Volunteers harvested more than 20 truckloads of ti plants, stripped the leaves and cooked them before weavers sat “side by side, with their shoes off, sharing and meeting new people, praying” as they worked.
“Even though we were thousands of miles away across the ocean, we wanted to send our aloha and healing prayers to the people of Las Vegas,” Panzo says.
“That’s where it starts,” adds Lehua Kekahuna of Maui, the spiritual leader who will lead Saturday’s presentation ceremonies with “a blessing prayer, a wisdom prayer” and an “asking of safety blessing,” she says. “We will be asking our ancestors … to guide us to do the right thing.”
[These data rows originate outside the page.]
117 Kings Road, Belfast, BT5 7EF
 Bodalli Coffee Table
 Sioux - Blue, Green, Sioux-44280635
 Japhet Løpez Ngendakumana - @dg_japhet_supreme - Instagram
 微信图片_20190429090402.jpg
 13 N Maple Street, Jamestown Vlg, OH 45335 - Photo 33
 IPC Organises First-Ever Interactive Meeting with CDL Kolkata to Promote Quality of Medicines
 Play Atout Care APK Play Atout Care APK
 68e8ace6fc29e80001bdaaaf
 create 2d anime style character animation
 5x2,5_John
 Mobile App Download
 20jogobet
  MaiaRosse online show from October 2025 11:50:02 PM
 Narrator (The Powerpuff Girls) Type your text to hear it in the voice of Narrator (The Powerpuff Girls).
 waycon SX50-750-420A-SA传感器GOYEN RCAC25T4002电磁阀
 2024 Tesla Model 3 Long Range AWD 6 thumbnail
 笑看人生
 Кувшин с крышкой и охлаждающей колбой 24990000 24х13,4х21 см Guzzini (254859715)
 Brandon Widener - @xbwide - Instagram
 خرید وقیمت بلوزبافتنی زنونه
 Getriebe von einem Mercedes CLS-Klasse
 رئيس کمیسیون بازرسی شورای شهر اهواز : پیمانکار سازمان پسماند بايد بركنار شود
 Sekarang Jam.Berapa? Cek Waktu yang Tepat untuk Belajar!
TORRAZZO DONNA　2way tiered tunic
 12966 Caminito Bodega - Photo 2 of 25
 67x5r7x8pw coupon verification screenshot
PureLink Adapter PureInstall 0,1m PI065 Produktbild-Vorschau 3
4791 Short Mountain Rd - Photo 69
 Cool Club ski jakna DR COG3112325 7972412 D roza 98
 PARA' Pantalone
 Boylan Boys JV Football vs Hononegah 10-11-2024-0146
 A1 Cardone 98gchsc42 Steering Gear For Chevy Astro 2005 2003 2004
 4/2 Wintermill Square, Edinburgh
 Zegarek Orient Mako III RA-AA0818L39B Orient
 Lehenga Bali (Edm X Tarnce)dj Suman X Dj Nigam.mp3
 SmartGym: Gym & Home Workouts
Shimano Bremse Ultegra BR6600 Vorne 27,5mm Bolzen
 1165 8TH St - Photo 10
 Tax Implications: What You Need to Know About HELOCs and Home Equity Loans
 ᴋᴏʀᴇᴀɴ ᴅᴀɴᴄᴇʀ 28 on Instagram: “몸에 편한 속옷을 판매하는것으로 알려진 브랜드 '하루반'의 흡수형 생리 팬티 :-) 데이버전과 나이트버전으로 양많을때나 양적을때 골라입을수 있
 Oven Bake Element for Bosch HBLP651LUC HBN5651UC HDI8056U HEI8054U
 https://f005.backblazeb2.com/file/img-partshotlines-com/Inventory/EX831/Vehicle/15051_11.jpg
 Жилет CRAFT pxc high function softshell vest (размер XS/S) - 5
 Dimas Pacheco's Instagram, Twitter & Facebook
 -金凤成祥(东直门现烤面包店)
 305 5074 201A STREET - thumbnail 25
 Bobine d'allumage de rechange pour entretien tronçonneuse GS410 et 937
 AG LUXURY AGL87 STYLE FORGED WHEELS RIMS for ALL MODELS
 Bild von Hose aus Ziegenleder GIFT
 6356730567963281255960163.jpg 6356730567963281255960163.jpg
Kekahuna, who also presided at last year’s “Lei of Aloha” presentations in Orlando, says “it is more than an honor — it’s such a blessing for us to be here,” adding, “we’re a thousand miles away, but we feel everything you feel.”
Evidence of the close connection: Friday’s 6 p.m. gathering at Las Vegas’ Tevakanui Polynesian Dance Studio, which will provide “a launching
pad” for Saturday’s presentations, according to studio owner Henry George.
Pondering the hundreds of Hawaiian volunteers who labored to weave the lei “shows how much love” exists between Hawaii and its ninth island, George said. “It tells you that they’re thinking of us in Las Vegas.”